── Given information ──

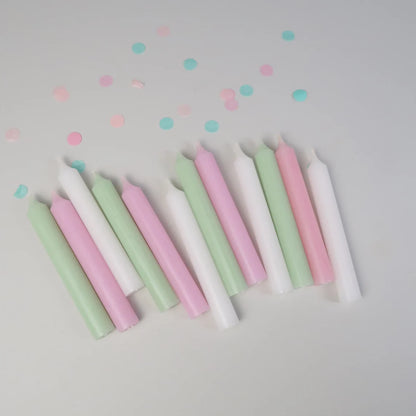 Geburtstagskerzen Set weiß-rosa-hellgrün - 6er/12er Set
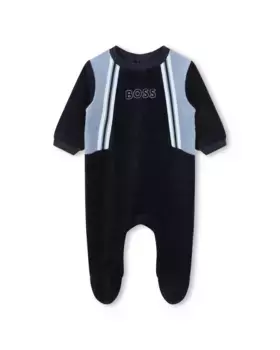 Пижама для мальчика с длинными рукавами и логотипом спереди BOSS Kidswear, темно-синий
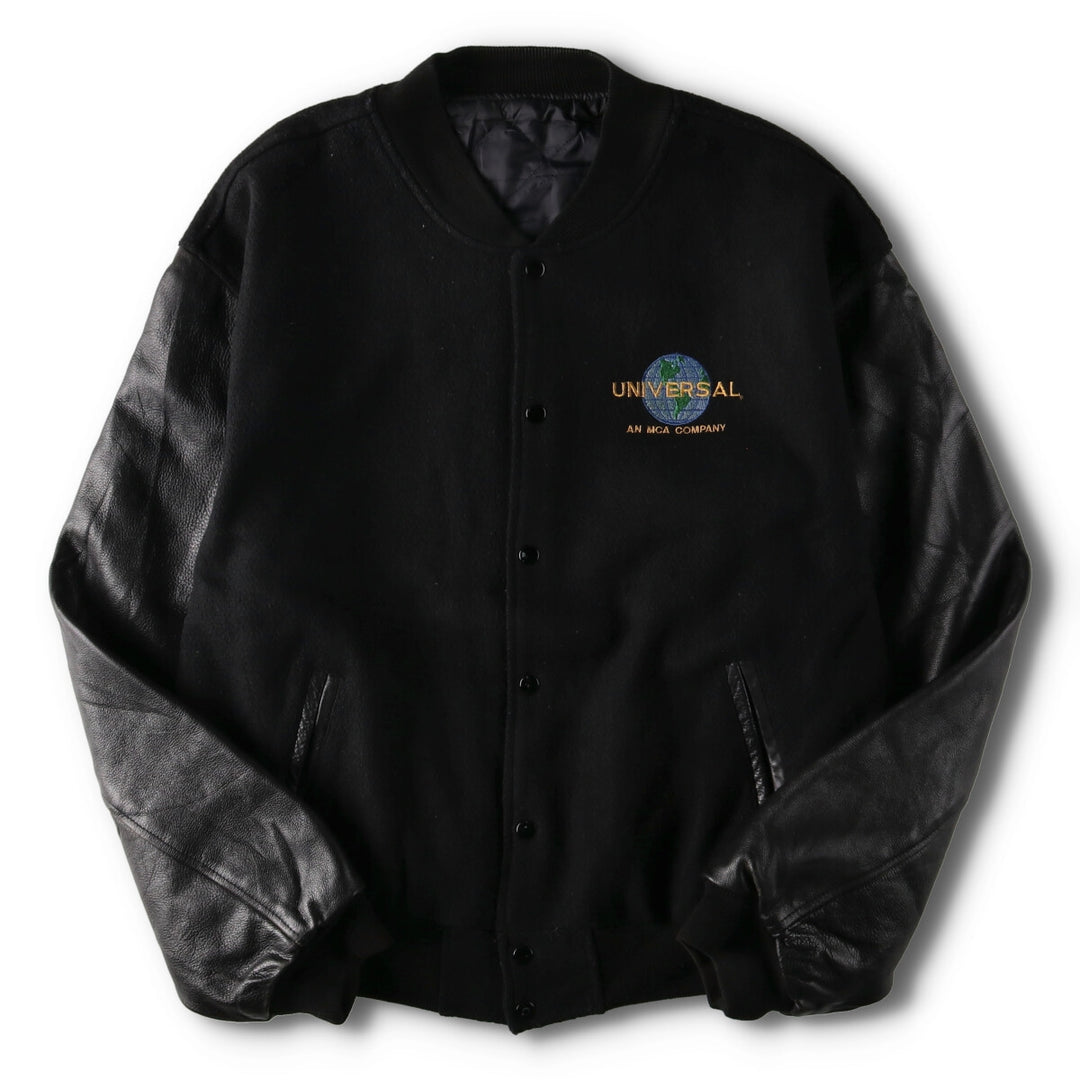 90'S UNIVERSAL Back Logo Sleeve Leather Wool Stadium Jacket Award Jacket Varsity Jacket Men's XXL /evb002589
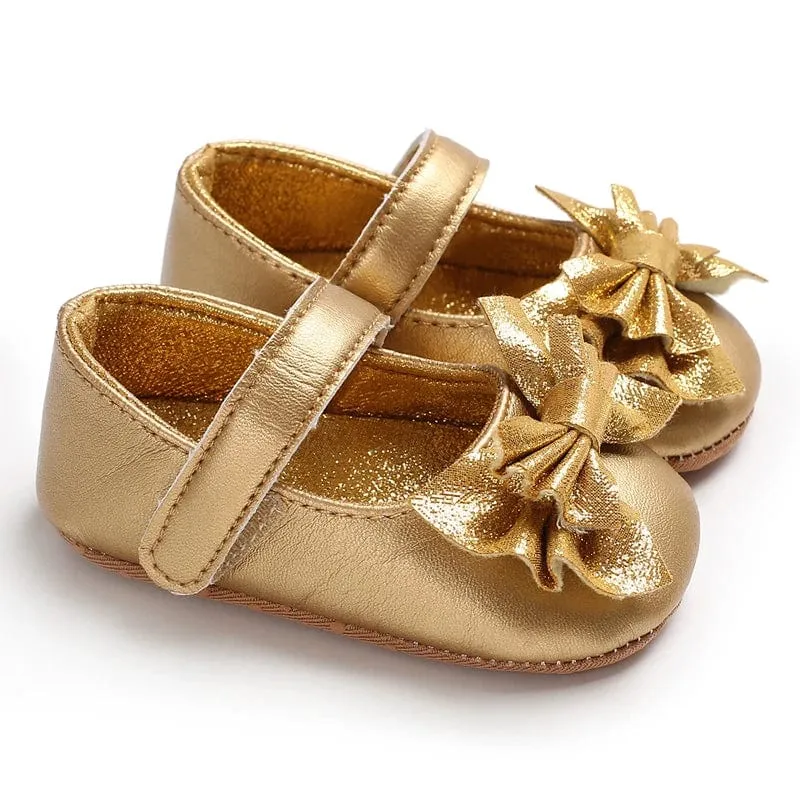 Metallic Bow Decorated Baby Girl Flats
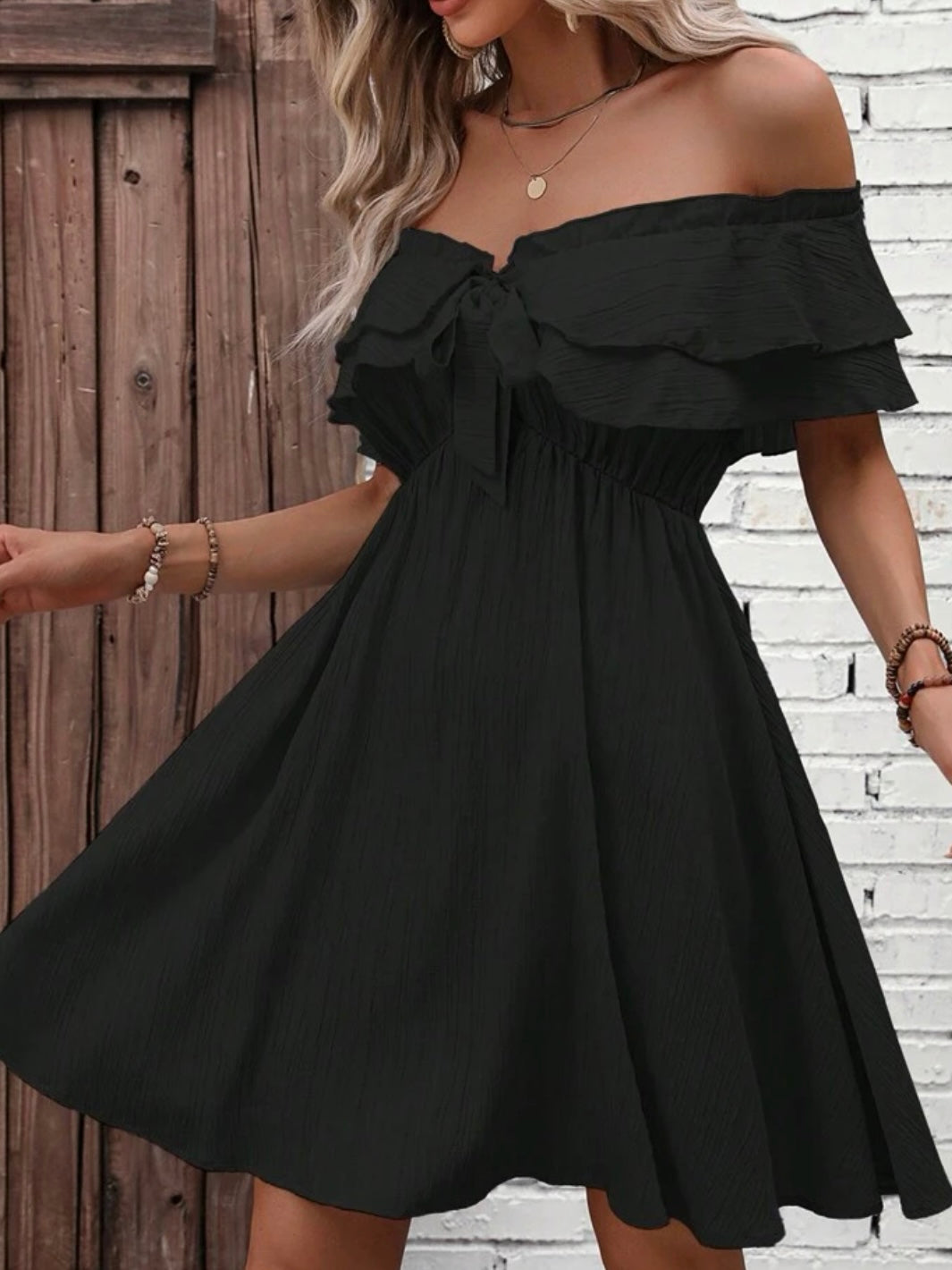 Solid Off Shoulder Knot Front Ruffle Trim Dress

───
── Given information ──

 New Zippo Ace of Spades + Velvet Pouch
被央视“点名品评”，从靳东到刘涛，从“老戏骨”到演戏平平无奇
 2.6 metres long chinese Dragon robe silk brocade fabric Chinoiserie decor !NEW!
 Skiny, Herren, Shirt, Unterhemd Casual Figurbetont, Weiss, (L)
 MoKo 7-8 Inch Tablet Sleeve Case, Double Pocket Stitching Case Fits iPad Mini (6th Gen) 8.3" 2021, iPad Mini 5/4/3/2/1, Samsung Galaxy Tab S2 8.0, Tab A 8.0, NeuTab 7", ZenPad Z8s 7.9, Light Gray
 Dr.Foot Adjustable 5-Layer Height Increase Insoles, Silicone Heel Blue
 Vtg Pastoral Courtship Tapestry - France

───

__About this exercise__: A clean copy is needed of the lines above from the one with "Geburtstagskerzen Set weiß-rosa-hellgrün" up to and including the one with "Solid Off Shoulder". Please set it down exactly, with no pictures.

__Answer area__:
 Geburtstagskerzen Set weiß-rosa-hellgrün - 6er/12er Set
 Пижама для мальчика с длинными рукавами и логотипом спереди BOSS Kidswear, темно-синий
 90'S UNIVERSAL Back Logo Sleeve Leather Wool Stadium Jacket Award Jacket Varsity Jacket Men's XXL /evb002589
 Metallic Bow Decorated Baby Girl Flats
 Solid Off Shoulder Knot Front Ruffle Trim Dress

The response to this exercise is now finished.